The other hole in Knight's pipedream promises is that there is no way to "bar access" to enough of the tens of thousands of kilometres of roads and trails and cutlines that criss-cross western and northern Alberta. It just can't be done. When the U.S. government started its grizzly bear recovery program, it tried to do just what Mr. Knight wished he could do. But they couldn't. It just cost too much money to put armed guards at the entrance to every road 24 hours a day, seven days a week. So they just removed the roads and didn't build any more.

Our American neighbours invented what used to be everywhere and called them "roadless areas." That's right Mr. Knight: other politicians, with the same pressures to provide ordinary people with jobs and rich people with more of what they already have too much of, choose to make sure a good deal of the land they oversee has NO ROADS. Why, just today, The Denver Post wrote an editorial supporting a government plan to keep 4.2 million acres of public land free of roads. That's 17,000 square kilometres, Mel, the size of Banff and Jasper national parks combined. In a state roughly one-third the size of Alberta. Closer to home, Montana has more than 20,000 square kilometres of roadless areas.
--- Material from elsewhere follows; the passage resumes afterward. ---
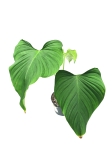 Philodendron roseocataphyllum (montanum) nr1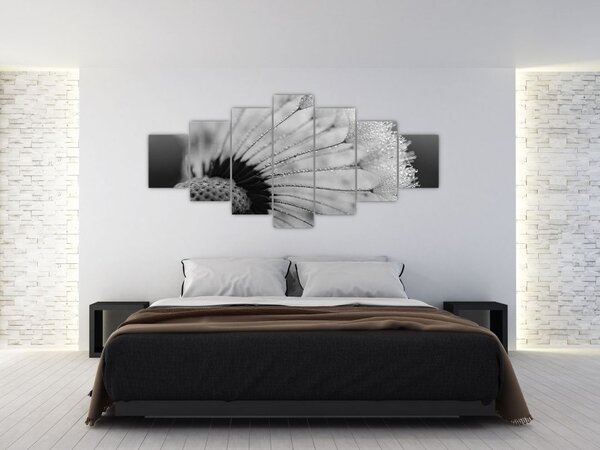 Obraz pampelišky - černobílý (210x100 cm)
They do this because they know that it is unhealthy and unwise to road, timber, drill, mine and otherwise make a mess of every square inch of your backyard. If you do, wildlife populations disapper, water quality and quantity declines, and soil begins to fill your streams, destroying fisheries. Roadlesss areas help to protect all of these things, which Albertans have said over and over and over again that they value. And you and your people just ignore us and continue flushing it all down the toilet.

And now you want Alberta's grossly unfunded environmental groups to pay to clean up your mess? You've got to be kidding.

Let's make no bones about it: The Alberta Tories have made a huge mess and it will cost them millions of dollars every year from now until my daughter is an old woman to fix it.

The first thing they can do, of course, is stop building more roads in the first place, but as I pointed out in an earlier post, Mr. Knight's ministry is at this very moment allowing Foothills Forestry Products (and probably Weldwood too) to build an ecologically unsutainable network of roads in core grizzly bear habitat, even though Alberta's grizzly bear recovery plan stipulates that it's not allowed.

Once they've stopped building more roads, they can get out their wallets and start paying to clean up the mess they have made. Now that we're all in the business of telling other people how to spend their money, here's a few suggestions for No-Money Mel.
  1. Stop subsidizing the oil and gas industry to the tune of millions of dollars every year.
  2. Charge more royalties for the trees and oil and gas that you're giving away to the corporations that are destroying our forests and wetlands.
  3. And if that doesn't work, why don't you and your fellow MLAs, who are after all the ones calling the shots, just take it out of your pensions?

After all, it's your mess, and you're going to have to clean it up somehow. Got a piggy bank?